Escribe Tucholsky: “Ulises es como el extracto de carne Liebig. No se lo puede comer solo. Pero muchas sopas se habrán de preparar agregándolo”. Lo singular y atrayente de la comparación es, en primer lugar, la distancia que separa un ingrediente de cocina de un texto literario. En esa distancia está la singularidad de Tucholsky, que no compara la entonces inesperada y extraña novela con una planta desconocida de la cual crecerán flores y frutos, ni con una fuerza incontrolable que atravesará la literatura del porvenir. Esas hubieran sido comparaciones anticipatorias pero plausibles.

"Escribe Tucholsky: “Ulises es como el extracto de carne Liebig. No se lo puede comer solo. Pero muchas sopas se habrán de preparar agregándolo”.

Tucholsky elige, en cambio, un camino joyceano: el de la comparación con algo inesperado. Y además no se pone él en primer plano para hablar de Ulises. Busca un camino que no lo incluya sino como servidor de la originalidad de la obra. Sabe que la primera persona es peligrosísima, más todavía si esa primera persona de quien escribe se mide con la gigantesca personalidad literaria de Joyce. Su mérito es doble, reconoce al gigante y opta por un sendero “menor” para explicar su admiración. Y su comparación, que podría sonar banal, es tan persuasiva que despierta la curiosidad de quien no haya leído a Joyce. ¿Por qué se compara esa novela de vanguardia con un caldito de carne concentrado?

Tucholsky se maneja con prudencia y recato. Elude el recurso crítico acostumbrado de dejarnos sus impresiones sobre la novela. Primero, porque para hablar de ella se refiere a las traducciones, lo cual lo quita a él del primer plano. Ese movimiento le permite ver mejor la novela que si se hubiera hundido en musitaciones admirativas. Y en segundo lugar, la compara hacia abajo, en lugar de buscar una metáfora que la ponga por las nubes.

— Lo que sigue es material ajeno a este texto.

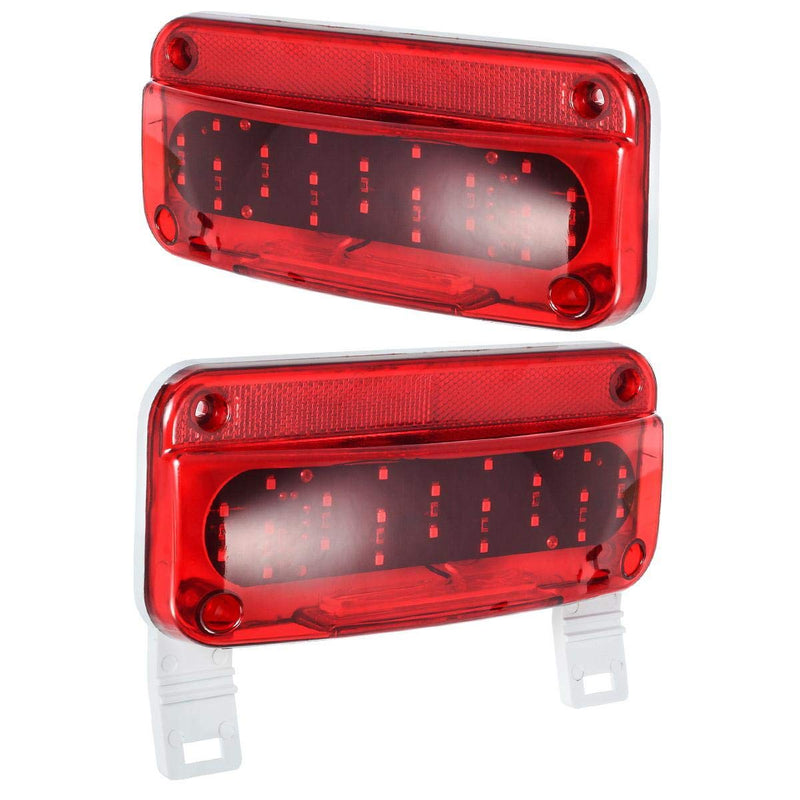 Partsam Rectangular Red LED RV Camper Trailer Stop Turn Brake Tail Lights White License Plate Light 49 LED with License Bracket Holder and White Base 12V Sealed w Reflex Surface Mount (Left + Right) Red Lens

La discreción de Tucholsky es admirable y algo deberíamos aprender quienes hoy escribimos. Sobre todo, para evitar el peligro de ser más aparatosos que el texto que nos ha conmovido.

Me gustaría mucho pensar a Melville, Faulkner, Sarmiento o Borges como extractos de carne Liebig. Pero hay que ser valiente, atrevido y desenfadado para decirlo por primera vez y como al pasar. Quizá, de este modo, nuestros escritos sobre literatura podrían romper el cerco académico que los acecha y mirar hacia la gran tradición del ensayismo. Me habría gustado escribir que Borges es un mate que puede cebarse según todas las técnicas que se disputan la autenticidad en el Río de la Plata.

Pero no tengo el desparpajo de Tucholsky. Y por otra parte, ¿qué pensaría yo si me encontrara con esa frase? Seguramente la dejaría pasar como si se tratara de una superficial ocurrencia de quien la escribió.